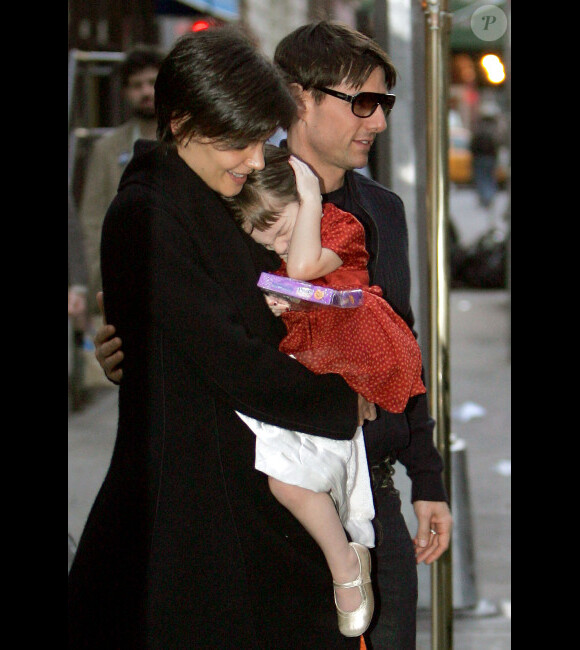 Katie Holmes, Tom Cruise et Suri en novembre 2008 à New York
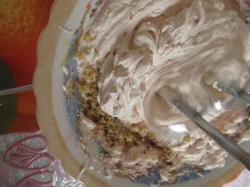 Пирожное Буше глазированные с малиново-ореховым кремом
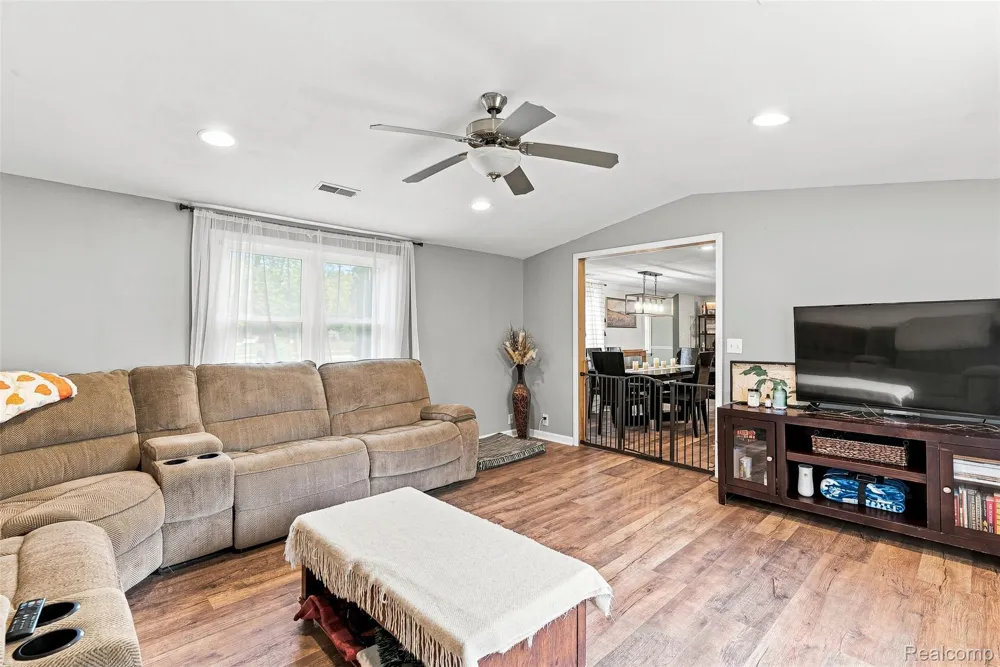 3198 E Grand Blanc Road Grand Blanc Charter Township, MI 48439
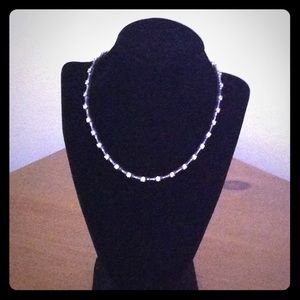 Necklace and earring set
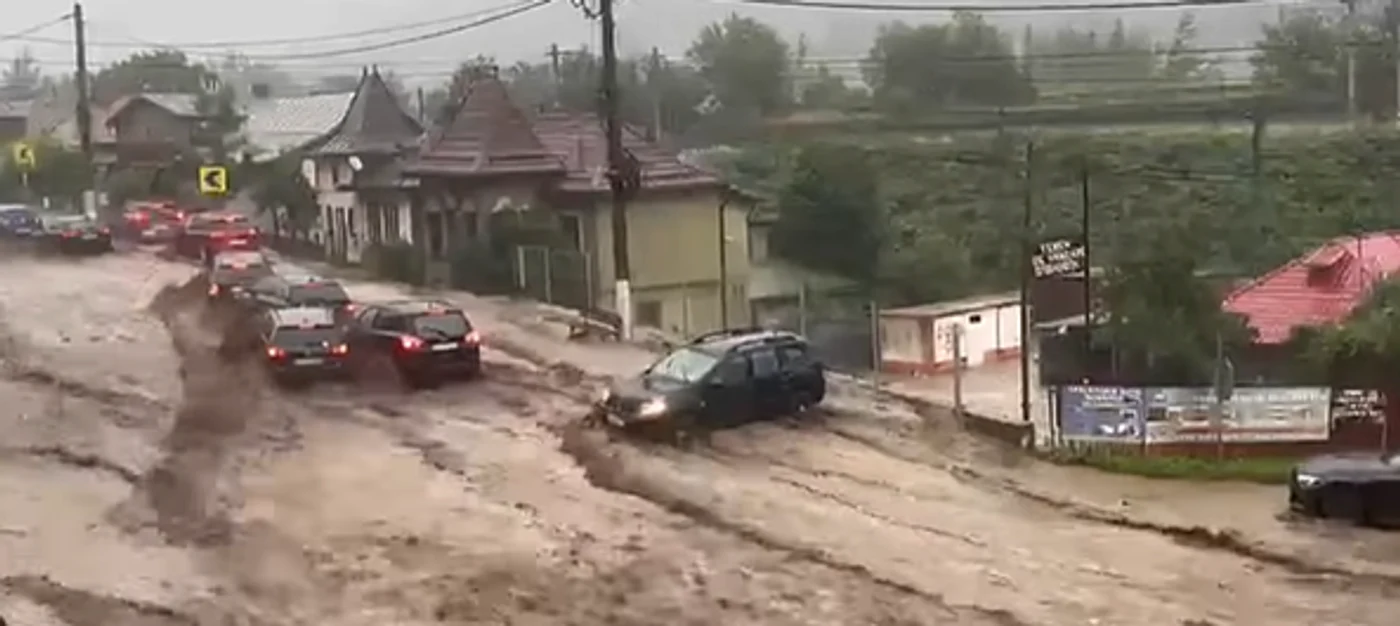 Mai multe persoane au fost surprinse de viitură / captură: Facebook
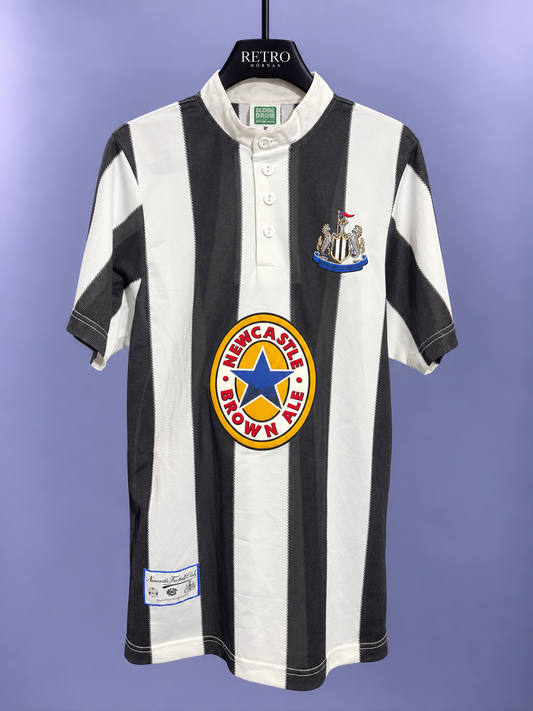 Newcastle United 1995/97 Hemmatröja – Storlek M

* Task requirements:
Repeat each record as given. No picture belongs in the copy.

* Response to the task:
 Katie Holmes, Tom Cruise et Suri en novembre 2008 à New York
 Пирожное Буше глазированные с малиново-ореховым кремом
 3198 E Grand Blanc Road Grand Blanc Charter Township, MI 48439
 Necklace and earring set
 Mai multe persoane au fost surprinse de viitură / captură: Facebook
 Newcastle United 1995/97 Hemmatröja – Storlek M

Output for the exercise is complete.